Apple gains US smartphone share in August at expense of Android, Samsung

Posted:
in iPhone edited October 2015
The latest statistics from analytics firm comScore reveal Apple continued to chip away at Android's smartphone marketshare in the U.S. for the three-month period ending in August, while iPhone moved further away from second place Samsung.




Apple again ranked as the number one smartphone manufacturer with a 44.1 percent share of the market, up 0.6 percent from the end of May, according to comScore's report published on Tuesday. The gains were in stark contrast to runner-up Samsung, which lost 1.3 points over the same period to end August with a 27.4 percent marketshare.

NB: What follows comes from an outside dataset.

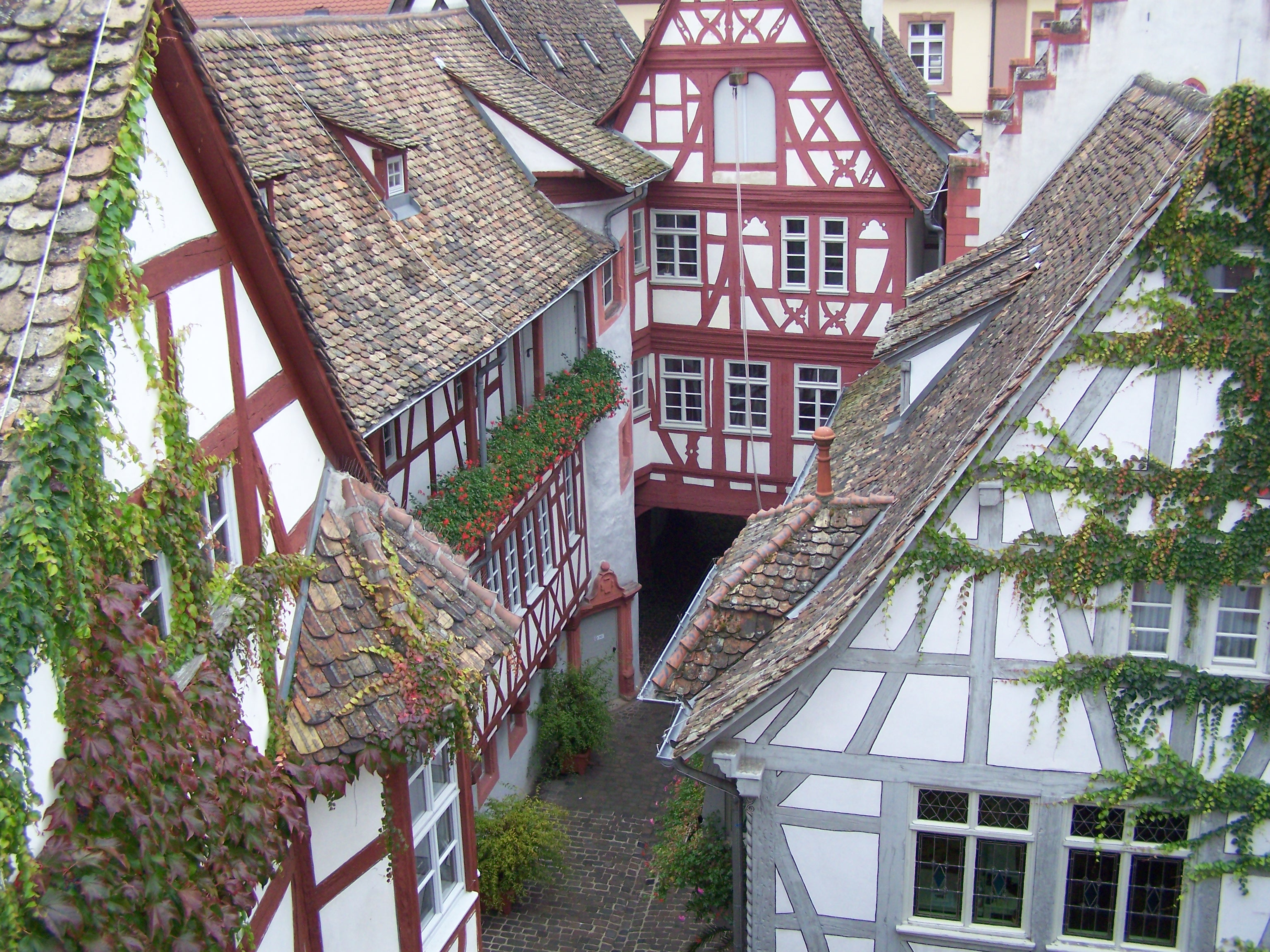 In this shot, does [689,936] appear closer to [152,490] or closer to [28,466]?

LG enjoyed the highest rate of growth with a 0.9 percent jump, but the Korean company's overall standing is still below double digits at 9.1 percent. Motorola and HTC saw slight decreases in subscriber share to end the three-month term with 4.7 percent and 3.4 percent of the market, respectively.

Google's Android operating system reigned supreme in the U.S., accounting for 51.7 percent of all smartphones, but that metric is down 0.4 points sequentially. Apple's iPhone was the only platform to see gains in the August quarter, exhibiting strong demand in light of September's iPhone 6s debut.

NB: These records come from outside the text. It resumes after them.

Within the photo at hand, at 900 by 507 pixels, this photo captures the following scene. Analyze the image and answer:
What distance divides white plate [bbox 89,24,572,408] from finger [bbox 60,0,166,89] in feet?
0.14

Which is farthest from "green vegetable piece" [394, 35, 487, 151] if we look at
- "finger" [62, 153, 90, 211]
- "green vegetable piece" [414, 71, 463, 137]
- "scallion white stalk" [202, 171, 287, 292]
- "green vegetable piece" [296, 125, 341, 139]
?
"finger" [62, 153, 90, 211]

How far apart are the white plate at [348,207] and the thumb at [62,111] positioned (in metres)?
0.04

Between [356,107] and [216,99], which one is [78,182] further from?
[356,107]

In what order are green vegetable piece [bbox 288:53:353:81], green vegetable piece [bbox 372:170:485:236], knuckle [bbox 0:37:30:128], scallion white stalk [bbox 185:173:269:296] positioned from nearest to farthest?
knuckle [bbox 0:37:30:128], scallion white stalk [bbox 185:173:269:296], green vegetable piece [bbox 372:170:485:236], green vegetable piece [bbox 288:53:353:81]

Microsoft, BlackBerry and Symbian rounded out the top five and held relatively steady with a respective 2.9 percent, 1.2 percent and 0.1 percent of the market.

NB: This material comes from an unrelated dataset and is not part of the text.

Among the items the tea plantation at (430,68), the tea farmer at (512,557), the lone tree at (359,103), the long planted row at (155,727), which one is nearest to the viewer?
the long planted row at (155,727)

According to comScore's tally, 191.1 million people in the U.S. owned smartphones during the three-month period ending in August, a number representing 77.1 percent mobile market penetration.

Apple is poised for another blockbuster December quarter with the recent launch of iPhone 6s and 6s Plus. At the end of September, the company announced iPhone 6s sales of more than 13 million units over launch weekend, breaking last year's record of 10 million units. Unlike 2014, however, Apple included China as an iPhone 6s launch country, a huge market from which some pundits expected better results.

Comments

  • Reply 1 of 19
    ronnronn Posts: 453member
    [B]Unlike 2014, however, Apple included China as an iPhone 6s launch country, a huge market from which some pundits expected better results.[/B]

    That makes absolutely no sense. What about the prior year when China was among the first countries during release and Apple sold 9 million iPhones? That's a difference of 4 million phones. And at a higher margin to boot.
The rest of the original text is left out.